Celebrating a massacre


It wasn't enough that the U.S. government, via the CIA, sponsored an invasion of Cuba in 1961 (one in a long line of illegal attempts to overthrow a foreign government) at the Bay of Pigs. Now they're celebrating a massacre that was part of that invasion:
The Bay of Pigs invasion has been a low point for the U.S. government since its failure more than four decades ago. Now, the men who volunteered for the mission are being remembered at an art gallery at -- of all places -- the CIA, which plotted the clandestine operation.

Veterans of the ill-fated attempt to topple Fidel Castro -- Cuban exiles, CIA contract pilots and the families of four Alabama Air National Guardsmen who died in Cuba -- will gather Thursday at the Southern Museum of Flight in Birmingham, Ala. There, an oil painting will be unveiled that depicts one of the successes of the covert operation: an April 1961 aerial attack on Castro's forces that took out an estimated 900 soldiers.

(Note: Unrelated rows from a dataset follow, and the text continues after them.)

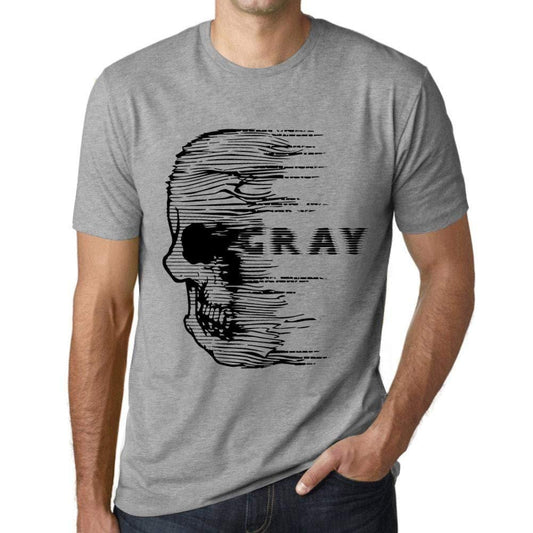 Herren T-Shirt Graphique Imprimé Vintage Tee Anxiety Skull Grey Gris Chiné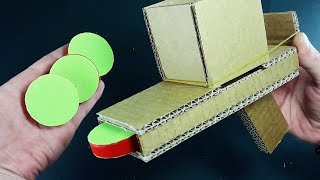 DIY | PLASTIC BOTTLE LIDS SHOOTER USING CARDBOARD | HOMEMADE TOYS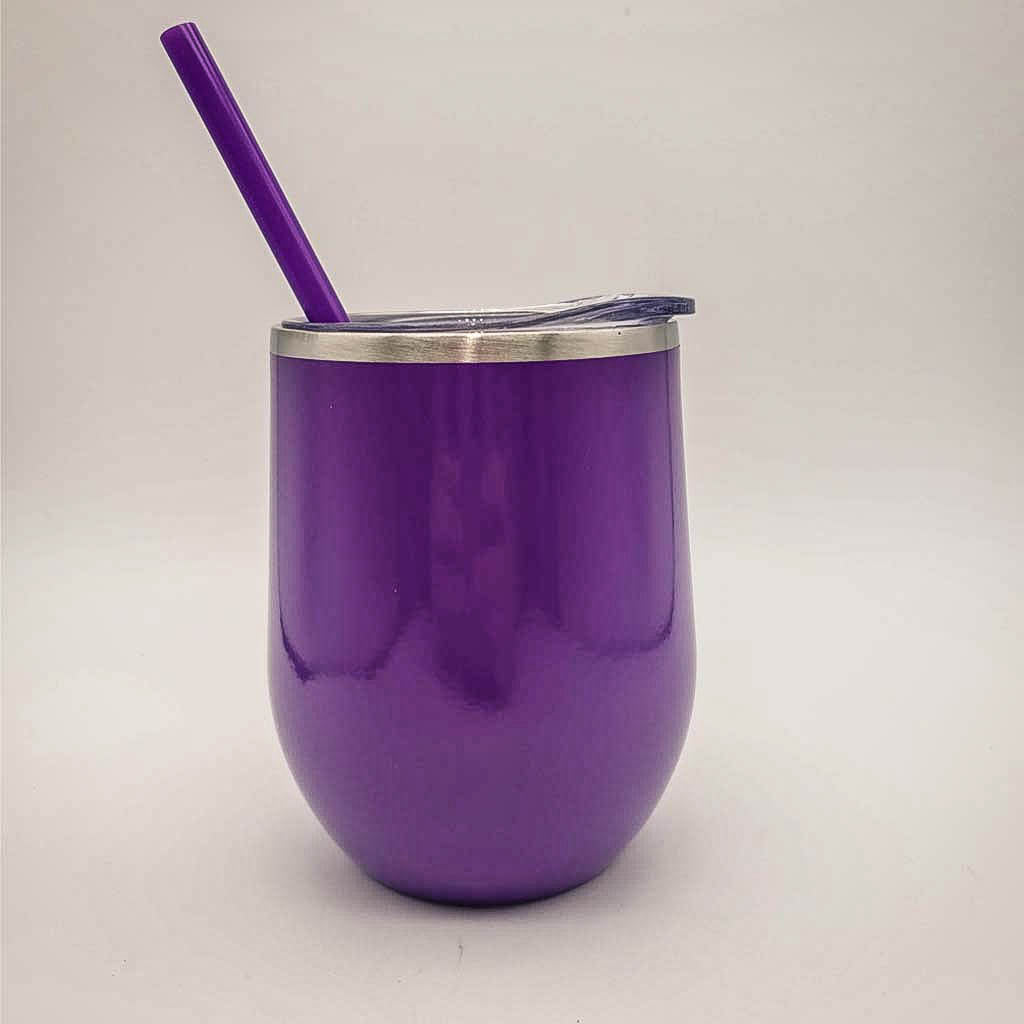 Christmas Time Mistletoe and Wine Engraved 12oz Wine Tumbler Purple by Sunny Box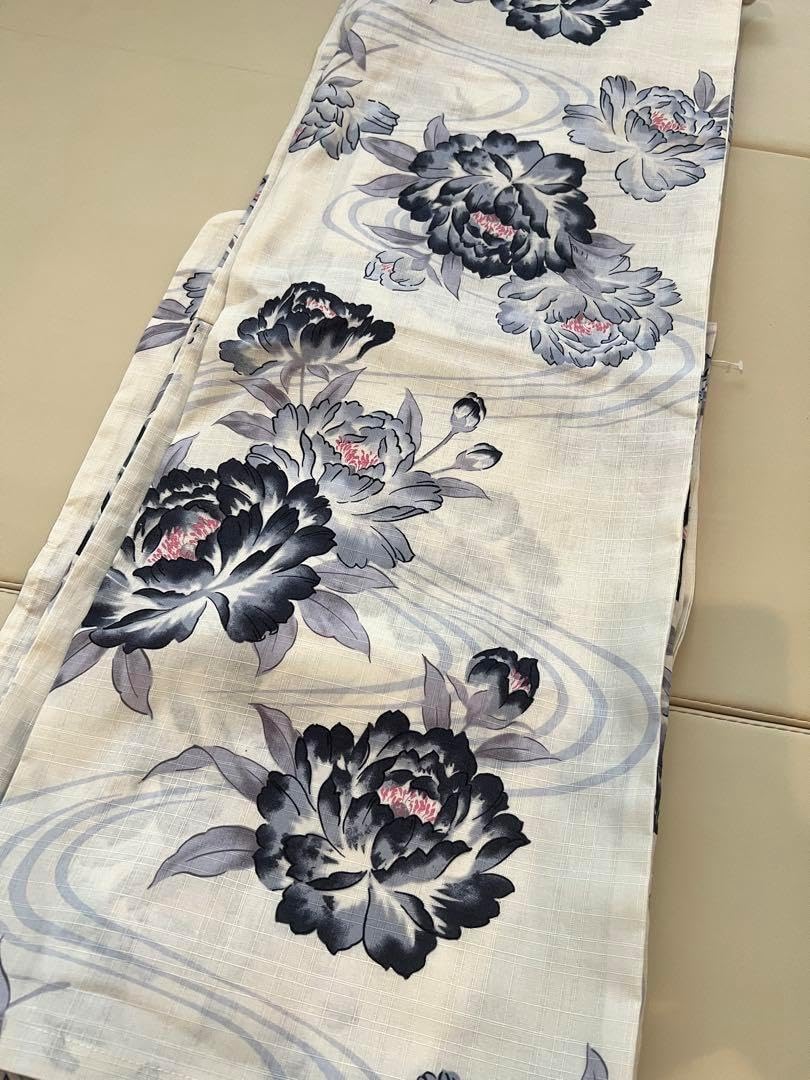 新品未使用 綿麻浴衣 雪花絞り風 白地 青 大人浴衣 夏着物 大人ゆかた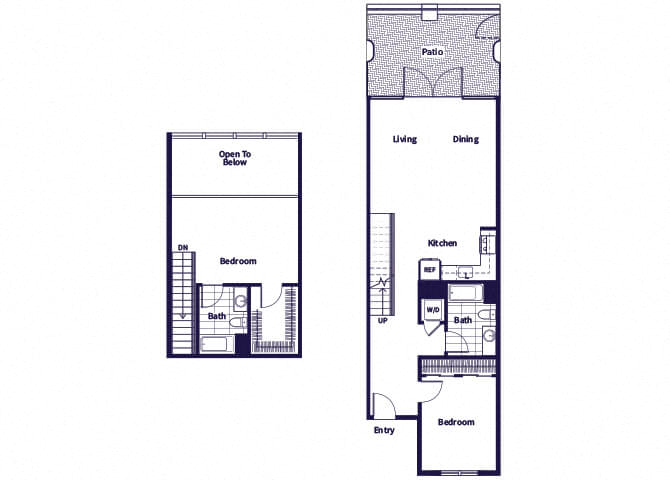 Floor plan for 2 beds, 2 baths, 1240 sqft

Titled Lobo Flight, the 40- by 30-inch painting shows a vintage B-26 twin engine bomber flown by Connie Seigrist -- the lead pilot of a convoy of B-26s painted to look like Cuban aircraft -- dropping bombs onto a column of Cuban troops heading to the beach, where a group of CIA-trained Cuban exiles had landed to attempt to overthrow Castro.
Quoting Dana Carvey as the Church Lady, "well, isn't that...special." What's next, a painting celebrating the "success" of the firebombing of Tokyo, or the dropping of the atom bomb on Hiroshima and Nagasaki? How about a painting of the "success" at My Lai? Oh sorry, those weren't CIA "successes." OK, we'll go with a painting of the murder of Salvador Allende. They're probably still toasting that "success" at CIA headquarters.